**Exercise prompt:**
In the records below, find the line containing "Avental Perspectiva - É", then print it and every following line exactly, through the last, without pictures.

[Stored dataset items]
# # #
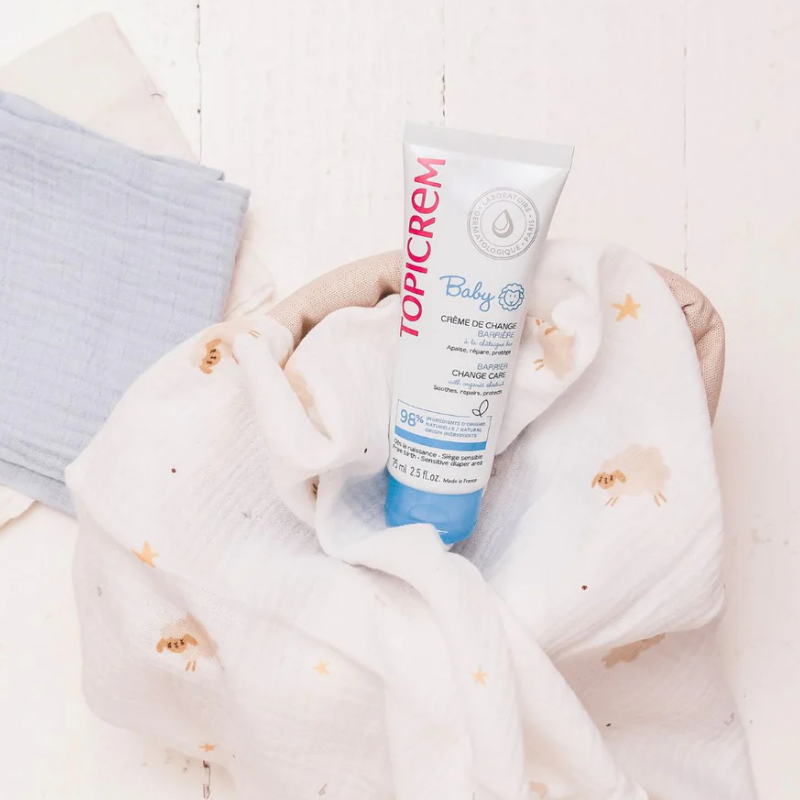 Topicrem baby pack promo creme muda fralda 2ª ud -50 %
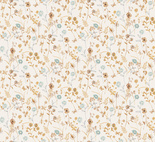 Tapeta Masureel Amazone ZON104 kwiatki i motyle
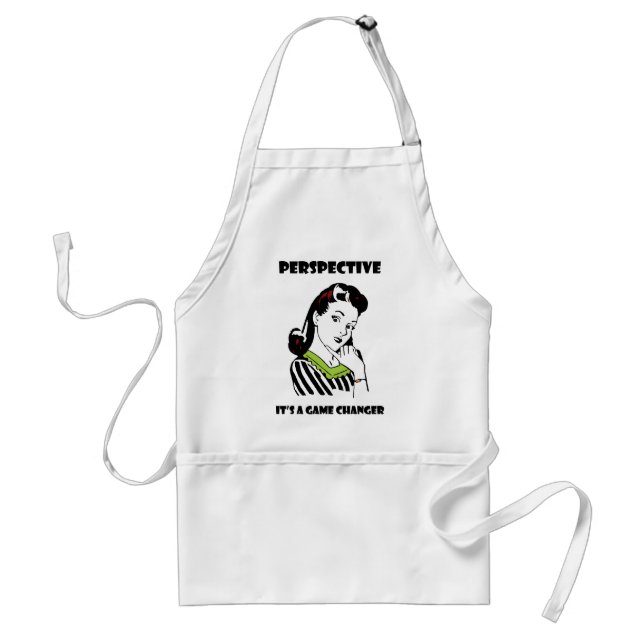 Avental Perspectiva - É um Jogo Changer (Frente)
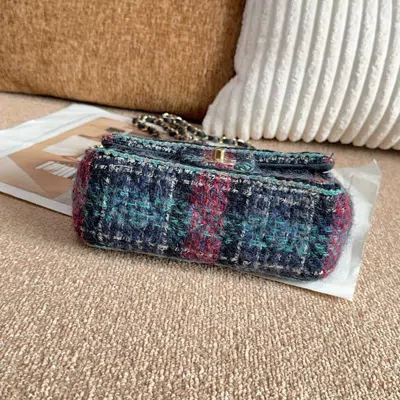 Pre-owned Chanel Women Pre-loved Bag Very Good Condition In Multi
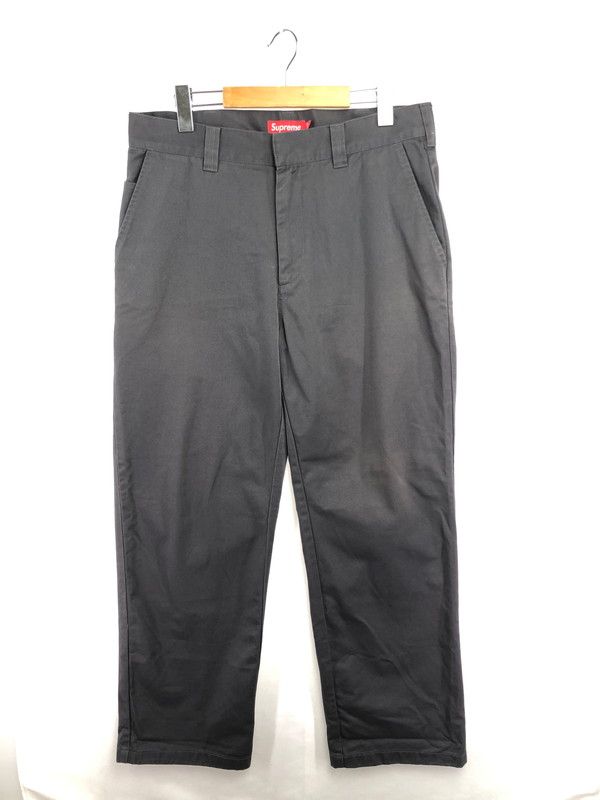 【中古品】 SUPREME シュプリーム WORK PANTS ワークパンツ ボトムス 【149-260527-na-09-tagh】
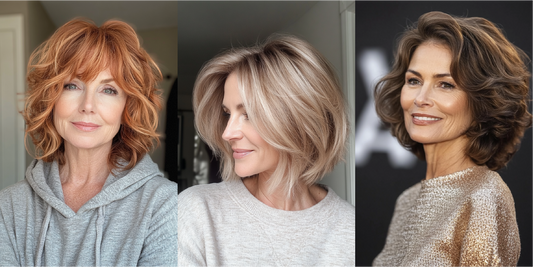 33+ Gorgeous Bob Hairstyles for Women Over 60 That Shine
# # #
**Output:**
 Avental Perspectiva - É um Jogo Changer (Frente)
 Pre-owned Chanel Women Pre-loved Bag Very Good Condition In Multi
 【中古品】 SUPREME シュプリーム WORK PANTS ワークパンツ ボトムス 【149-260527-na-09-tagh】
 33+ Gorgeous Bob Hairstyles for Women Over 60 That Shine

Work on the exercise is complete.